# Task details
Although the records contain pictures, repeat only the text of every line exactly.

Source data
▼

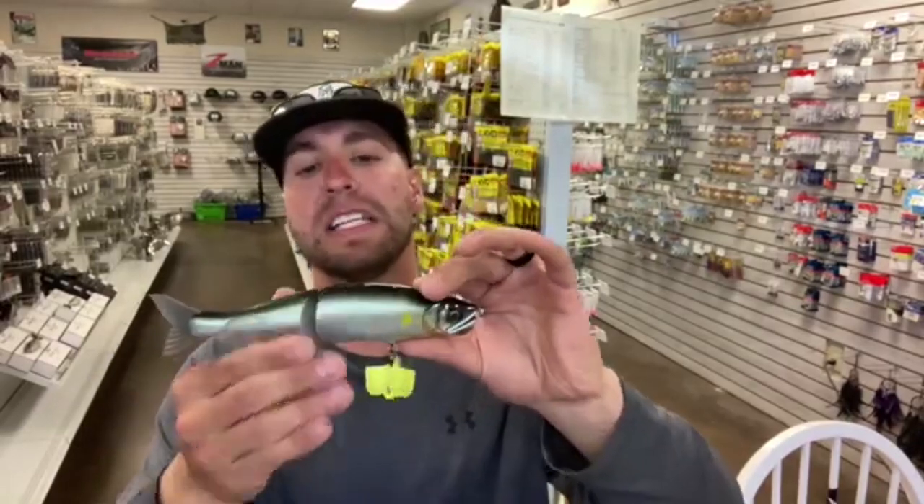The Gancraft's an absolute beast — one of the best Japanese swimbaits ever. Keep it natural. I like this color; it looks like a bass, a herring, a shad, trout — whatever.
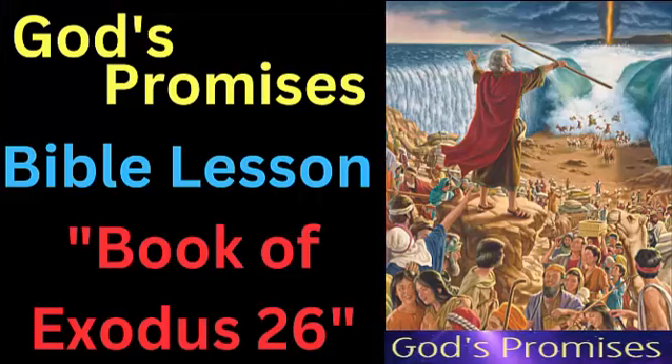Hello and good day. Welcome to our video channel, God's Promises. Today's video will be Book of Exodus 26. Let's get started now.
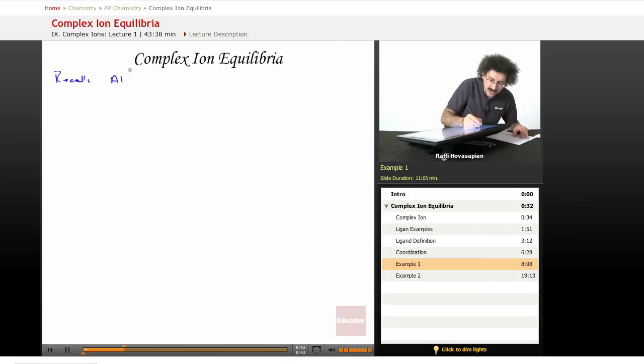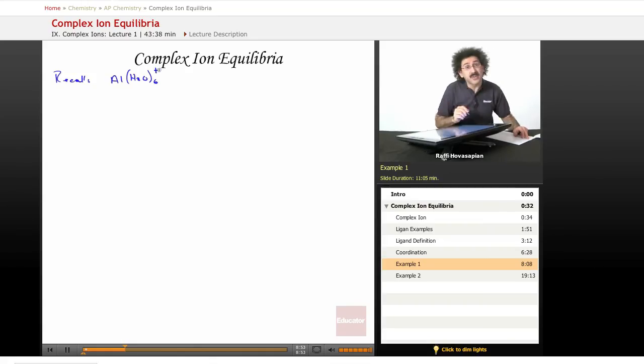Recall, it was an aluminum ion, and it was surrounded by six water molecules. So we write H₂O₆, and the whole species had a plus one charge. This is called hexa aqua aluminum.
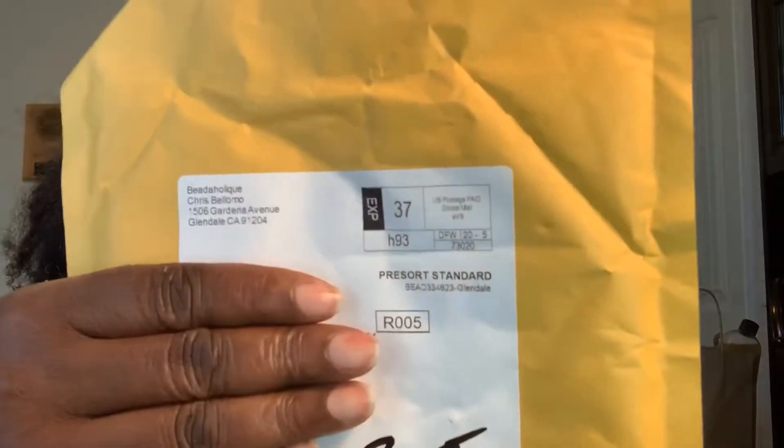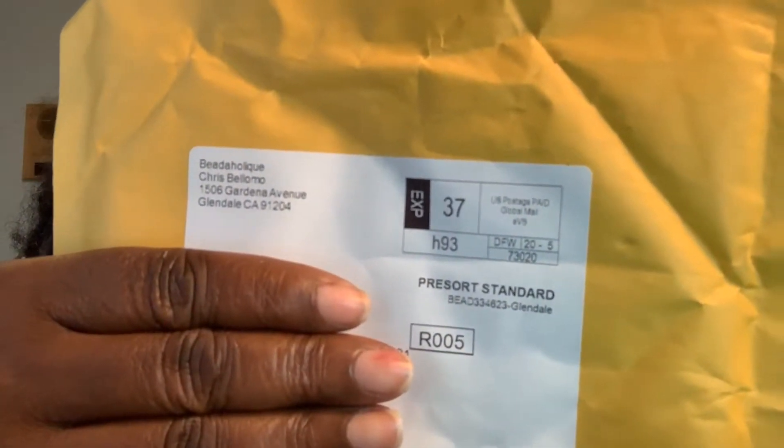Hello and welcome to Elmay45, my channel. I just want to do a really quick haul — I got my package in the mail the other day from Beadholic and wanted to share what I got. One of my hobbies is making bracelets; everybody has their little hobby. I had run out of spacers, so I put in an order from Beadholic and they just came in the mail.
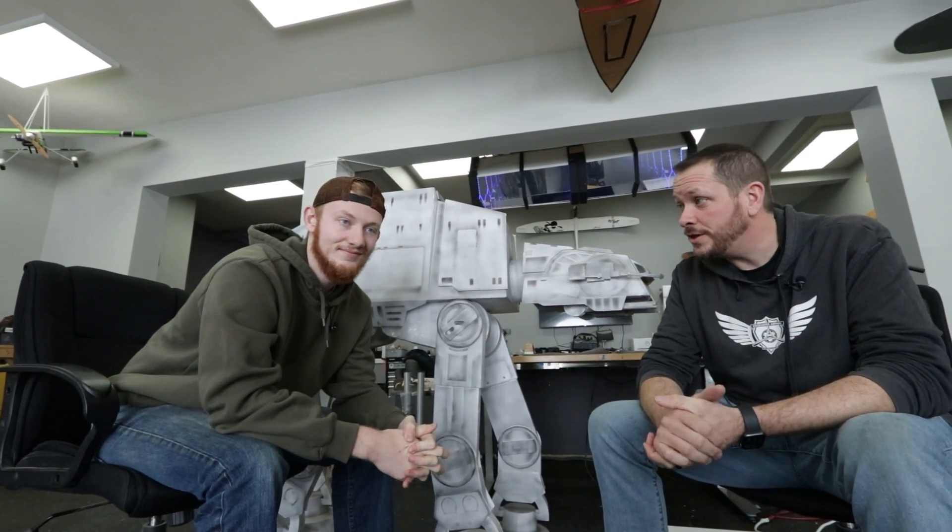All right, friends. Welcome to Flight Test. It's cold. It's windy. There is no way we're going to be flying anything today. So Noah, you have something special in mind.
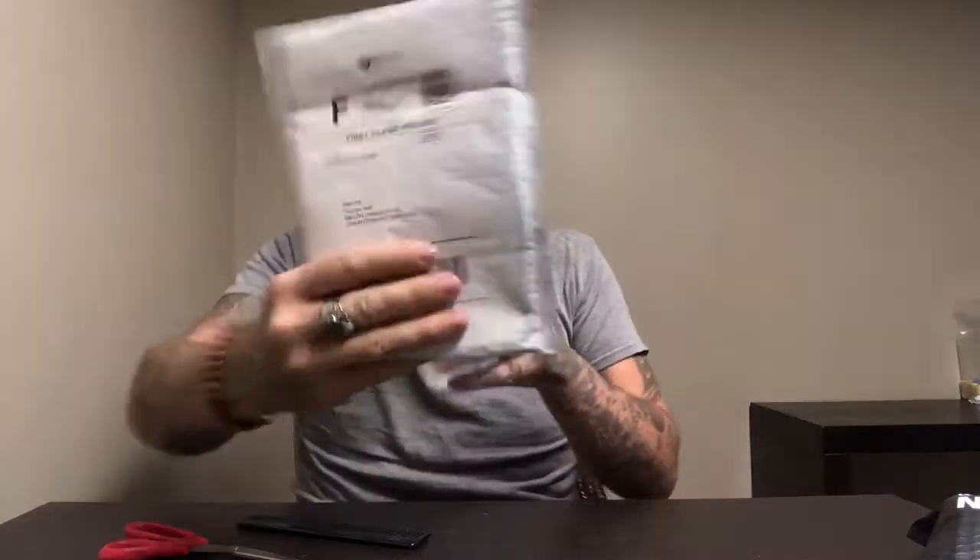Hello YouTube, as you can see it is mail time. We have a couple things here — this looks pretty cool, this is a sample pack from mybeard.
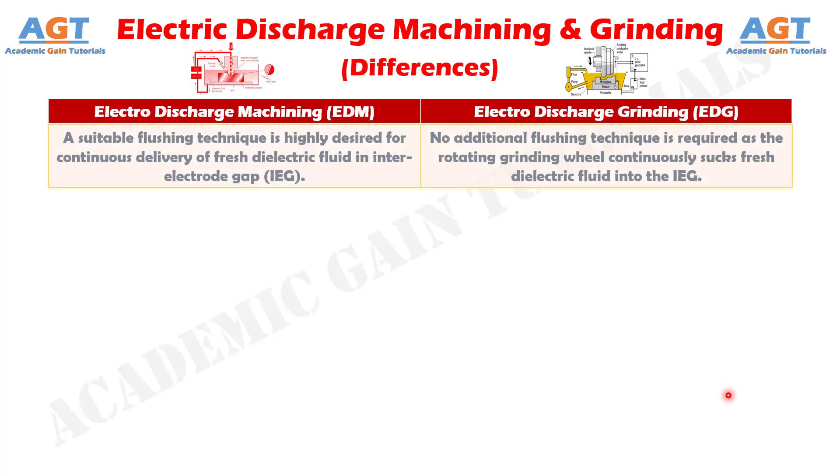Difference Number 5. In Electric Discharge Machining, a suitable flushing technique is highly desired for continuous delivery of fresh dielectric fluid in the inter-electrode gap. Whereas, in Electric Discharge Grinding, no additional flushing technique is required as the rotating grinding wheel continuously sucks fresh dielectric fluid into the inter-electrode gap.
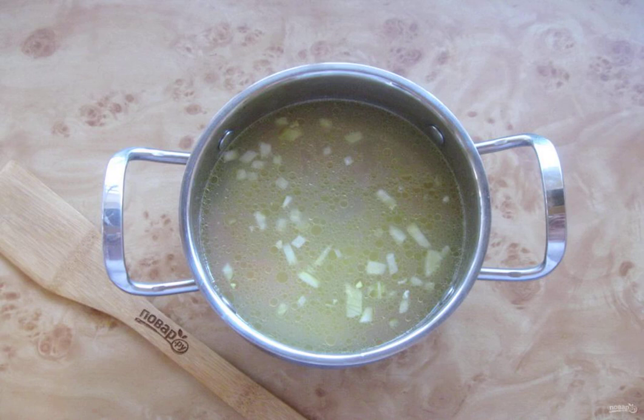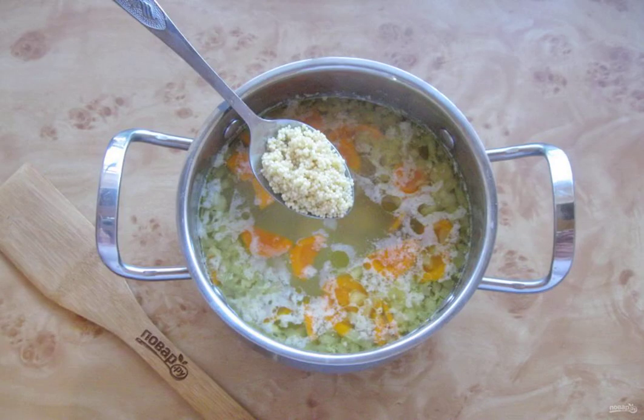Remove the boiled cod from the pan and put it on a plate. Add the onion with carrots and chopped potatoes to the fish broth. After 15 minutes, pour the millet into the soup, which is thoroughly washed beforehand.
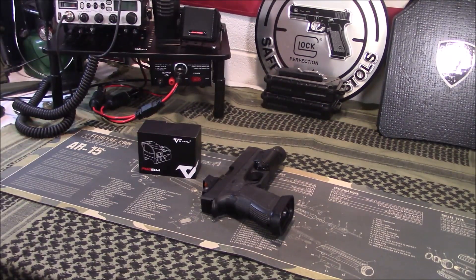Welcome to Guns and Gear Network everyone. Appreciate you tuning in. Today we're going to take a look at the Votatu PMD 504 Red Dot. Stay tuned.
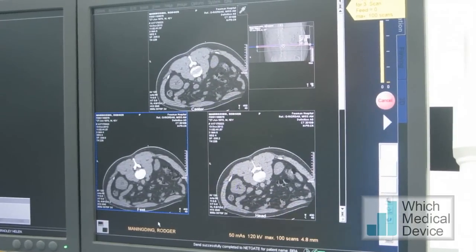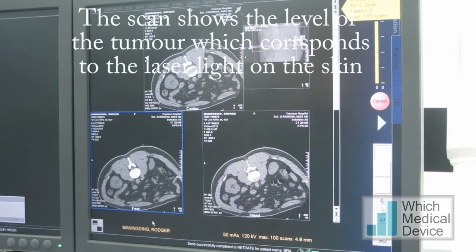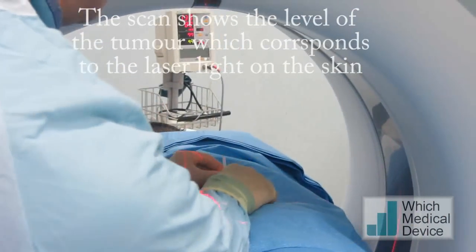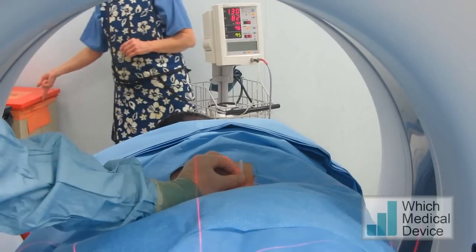The most inferior slice just shows the small renal tumour on the bottom left of the screen. So we know that's the slice, we're just going to make a mark on the skin. Just pressing onto your skin now, and that's where we're going to be putting our local anaesthetic.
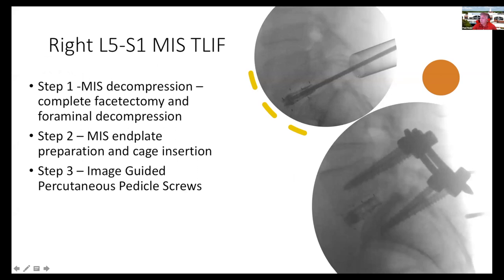I did a tubular decompression with complete facetectomy to open up the area to place the FlareHawk 9 cage. I used standard end plate preparation with curettes and pituitary rongeurs, then placed the cage and supplemented with posterior pedicle screws, using image guidance. The tantalum markers on the PEEK part of the cage really expand, recreating the lordosis and fitting the profile of the end plates. When you put lordosis into these cages posteriorly, it creates a reverse wedge that resists posterior migration — essentially preventing cage back-out.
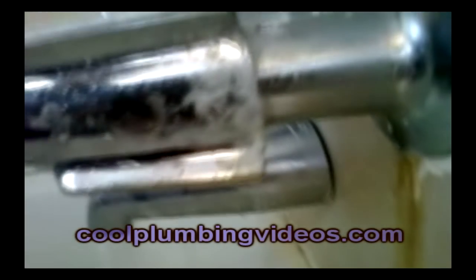Here's a quick video on a packing nut. You notice when your handles are always leaking behind the handle or from up and underneath? I'm going to show you where this is coming from and we're going to repair it.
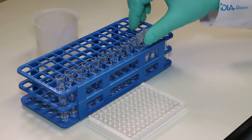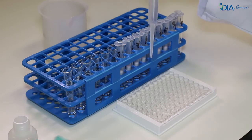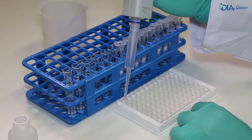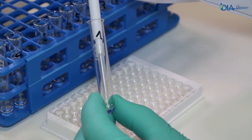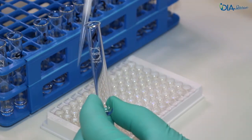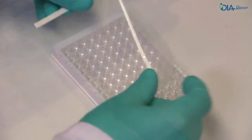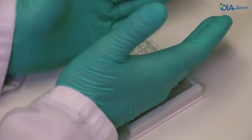Discard the cartridges and vortex the calibrators. Add the incubation buffer into the microplate, then add the calibrators and the eluted 1,25-dihydroxyvitamin D using the pre-saturation technique. Cover the microplate using the appropriate plate adhesive strip and place the microplate into the fridge for the night.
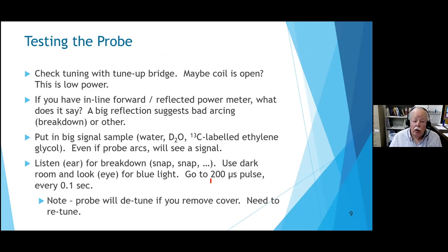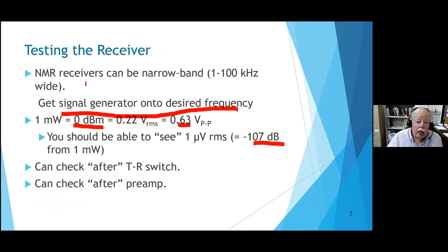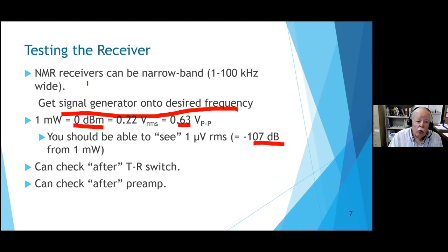Maybe the transmitter passed its test. I should have said: check the noise first. The easiest test of the receiver is - is the noise normal? Some of us work with signals so much bigger than noise that we never see it. When the system's working, turn up the gain and note how big the noise is. If the noise is way down, you probably lost a stage of amplification.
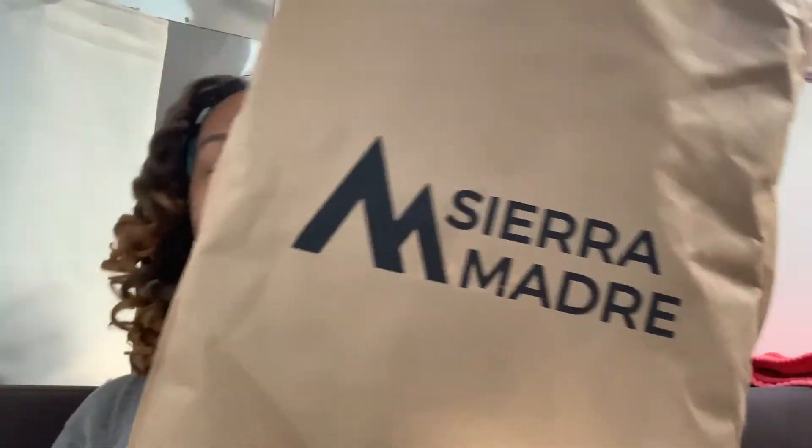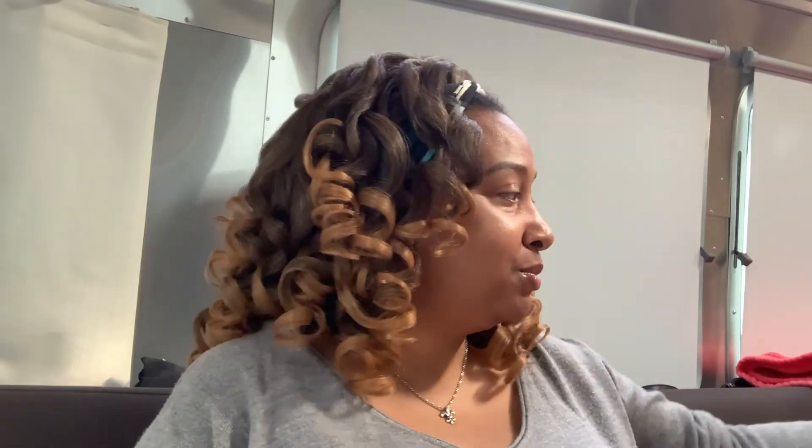So this company, Sierra Madre, came out with an idea on either Kickstarter or Indiegogo — a year ago at least — for this thing called the Hot Pocket. And I was like, that sounds like if I was going to go backpacking and camp overnight somewhere, this would be ideal.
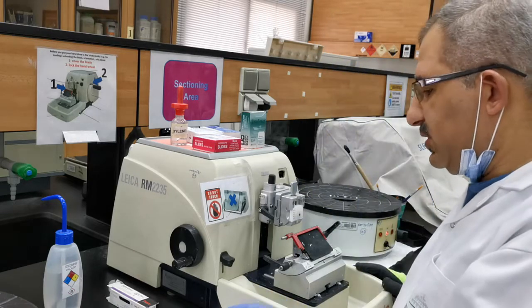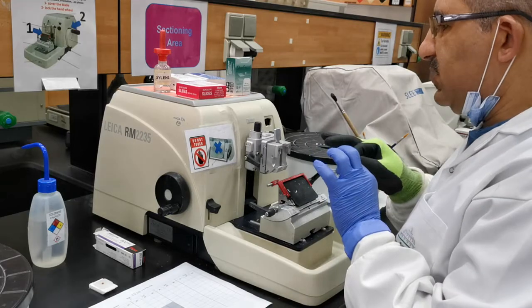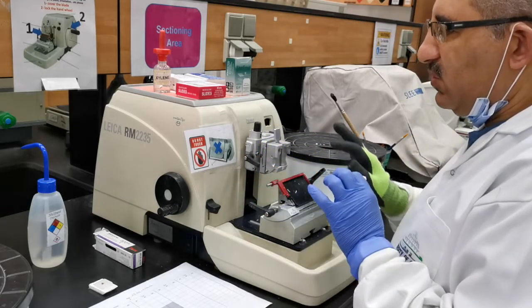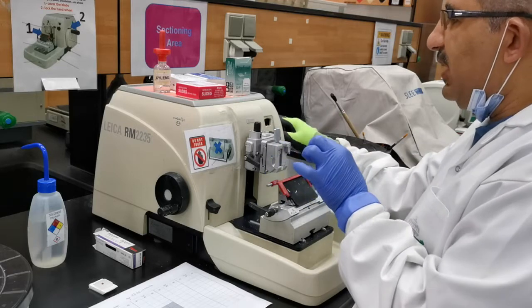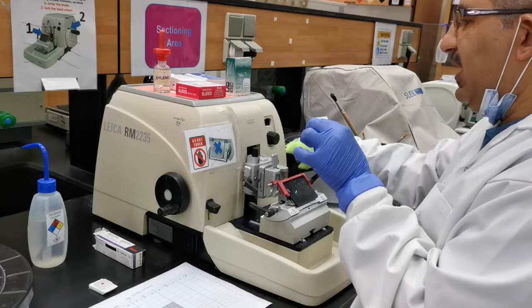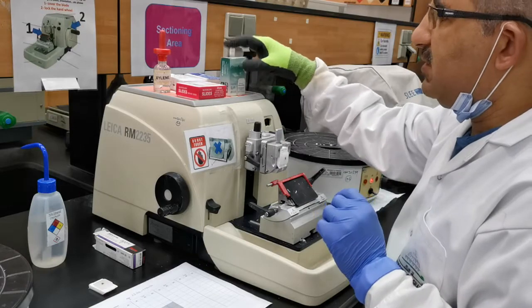The block was placed on a cold plate. I'll remove the demonstration block and use this one. Before I place it, I need to check that the knife is covered, and also I need to check that the wheel is locked. You don't place the block with the wheel unlocked, because while I'm working it might move and squeeze my fingers. So make sure the wheel is locked, then place the block.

▲

# Answer box
The Gancraft's an absolute beast — one of the best Japanese swimbaits ever. Keep it natural. I like this color; it looks like a bass, a herring, a shad, trout — whatever.
Hello and good day. Welcome to our video channel, God's Promises. Today's video will be Book of Exodus 26. Let's get started now.
Recall, it was an aluminum ion, and it was surrounded by six water molecules. So we write H₂O₆, and the whole species had a plus one charge. This is called hexa aqua aluminum.
Hello and welcome to Elmay45, my channel. I just want to do a really quick haul — I got my package in the mail the other day from Beadholic and wanted to share what I got. One of my hobbies is making bracelets; everybody has their little hobby. I had run out of spacers, so I put in an order from Beadholic and they just came in the mail.
All right, friends. Welcome to Flight Test. It's cold. It's windy. There is no way we're going to be flying anything today. So Noah, you have something special in mind.
Hello YouTube, as you can see it is mail time. We have a couple things here — this looks pretty cool, this is a sample pack from mybeard.
Difference Number 5. In Electric Discharge Machining, a suitable flushing technique is highly desired for continuous delivery of fresh dielectric fluid in the inter-electrode gap. Whereas, in Electric Discharge Grinding, no additional flushing technique is required as the rotating grinding wheel continuously sucks fresh dielectric fluid into the inter-electrode gap.
Remove the boiled cod from the pan and put it on a plate. Add the onion with carrots and chopped potatoes to the fish broth. After 15 minutes, pour the millet into the soup, which is thoroughly washed beforehand.
Welcome to Guns and Gear Network everyone. Appreciate you tuning in. Today we're going to take a look at the Votatu PMD 504 Red Dot. Stay tuned.
The most inferior slice just shows the small renal tumour on the bottom left of the screen. So we know that's the slice, we're just going to make a mark on the skin. Just pressing onto your skin now, and that's where we're going to be putting our local anaesthetic.
I did a tubular decompression with complete facetectomy to open up the area to place the FlareHawk 9 cage. I used standard end plate preparation with curettes and pituitary rongeurs, then placed the cage and supplemented with posterior pedicle screws, using image guidance. The tantalum markers on the PEEK part of the cage really expand, recreating the lordosis and fitting the profile of the end plates. When you put lordosis into these cages posteriorly, it creates a reverse wedge that resists posterior migration — essentially preventing cage back-out.
Here's a quick video on a packing nut. You notice when your handles are always leaking behind the handle or from up and underneath? I'm going to show you where this is coming from and we're going to repair it.
Discard the cartridges and vortex the calibrators. Add the incubation buffer into the microplate, then add the calibrators and the eluted 1,25-dihydroxyvitamin D using the pre-saturation technique. Cover the microplate using the appropriate plate adhesive strip and place the microplate into the fridge for the night.
Maybe the transmitter passed its test. I should have said: check the noise first. The easiest test of the receiver is - is the noise normal? Some of us work with signals so much bigger than noise that we never see it. When the system's working, turn up the gain and note how big the noise is. If the noise is way down, you probably lost a stage of amplification.
So this company, Sierra Madre, came out with an idea on either Kickstarter or Indiegogo — a year ago at least — for this thing called the Hot Pocket. And I was like, that sounds like if I was going to go backpacking and camp overnight somewhere, this would be ideal.
The block was placed on a cold plate. I'll remove the demonstration block and use this one. Before I place it, I need to check that the knife is covered, and also I need to check that the wheel is locked. You don't place the block with the wheel unlocked, because while I'm working it might move and squeeze my fingers. So make sure the wheel is locked, then place the block.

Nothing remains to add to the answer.